▶ _Assignment_:
Reproduce each line below precisely. Drop the pictures.

▶ _Data block_:
-------

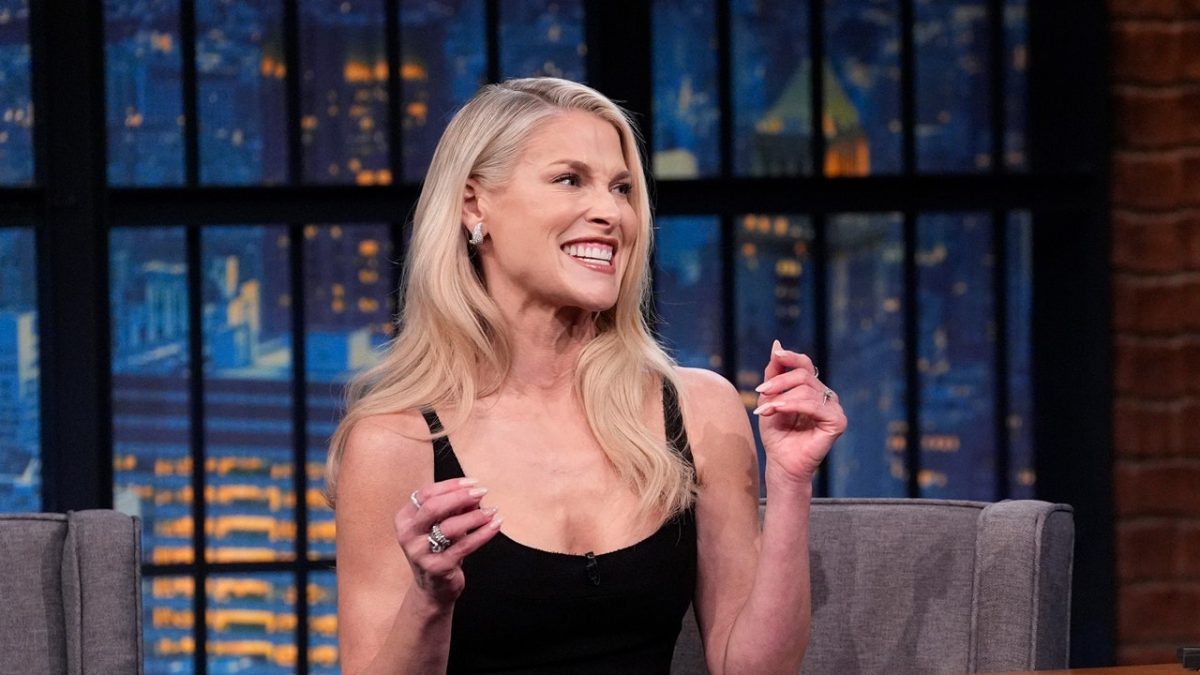 Martha Stewart unexpectedly joins Ali Larter for dinner and admires the 'Landman' program.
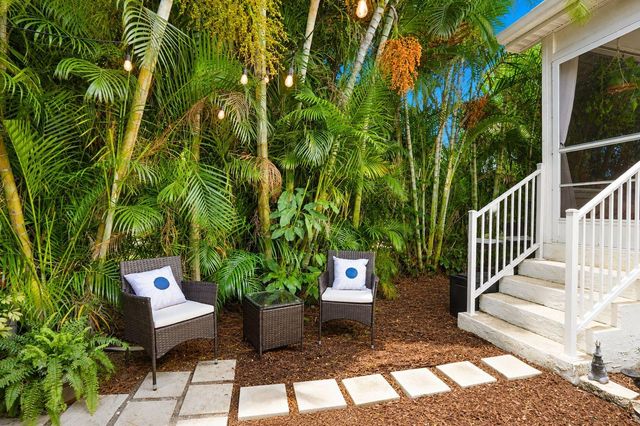 6164 N Ironwood Lane, Atlantis, FL 33462
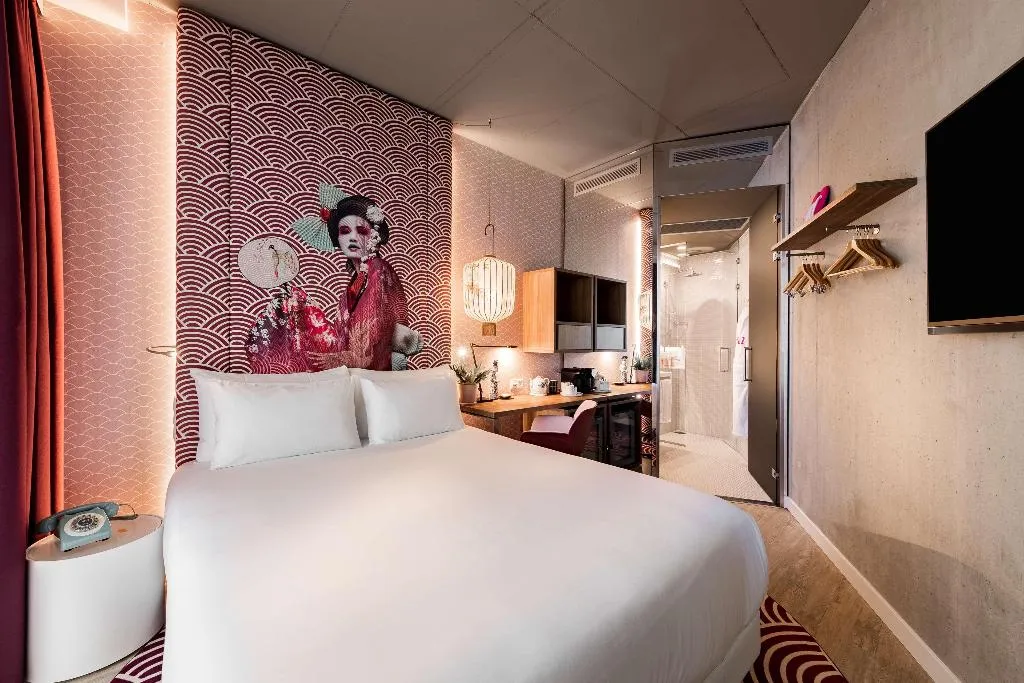 DOUBLE SINGLE USE SUPERIOR Room, nhow Amsterdam RAI, Amsterdam
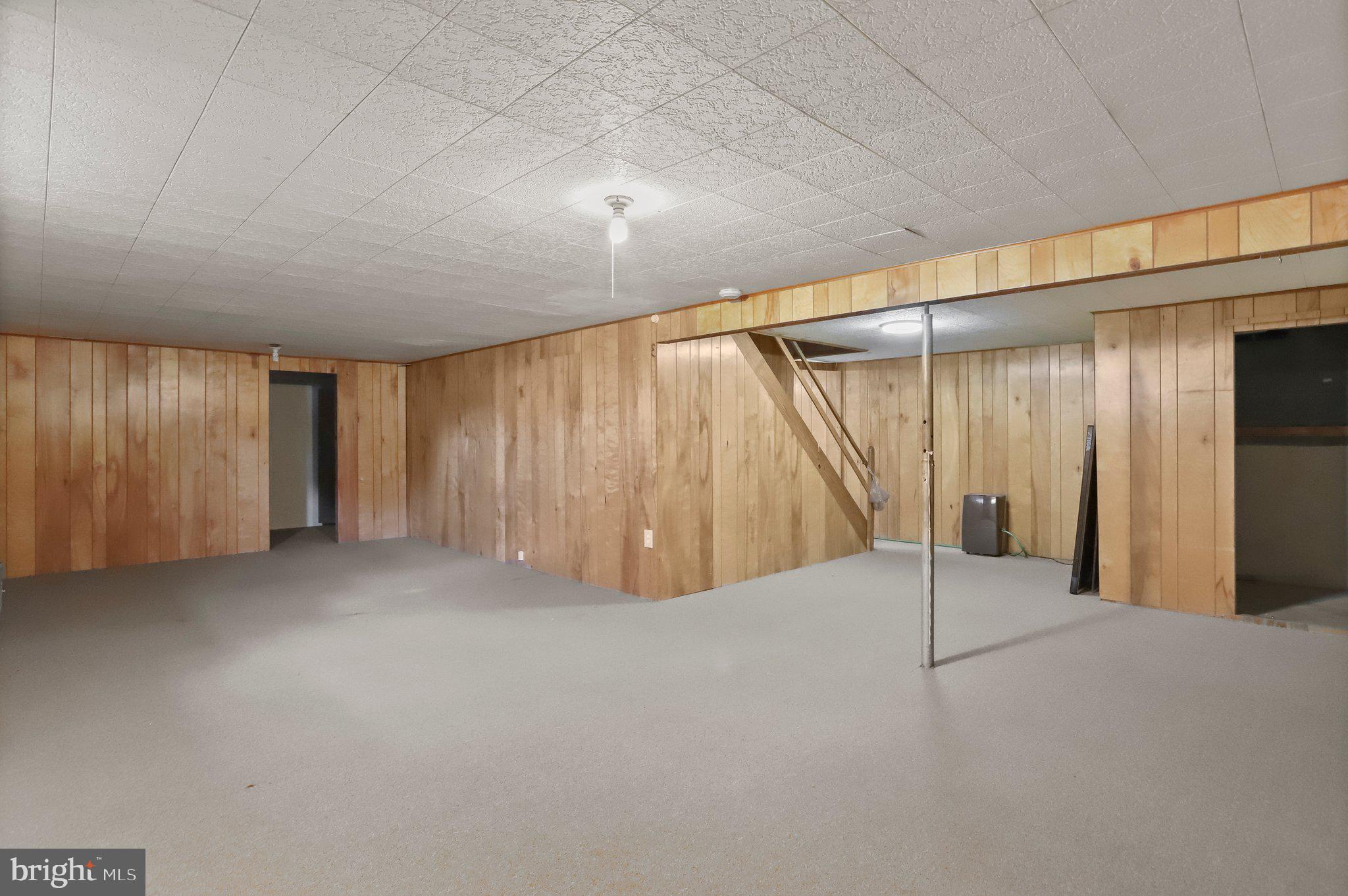 TOWN AND COUNTRY - Residential Lease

-------

▶ _Result_:
 Martha Stewart unexpectedly joins Ali Larter for dinner and admires the 'Landman' program.
 6164 N Ironwood Lane, Atlantis, FL 33462
 DOUBLE SINGLE USE SUPERIOR Room, nhow Amsterdam RAI, Amsterdam
 TOWN AND COUNTRY - Residential Lease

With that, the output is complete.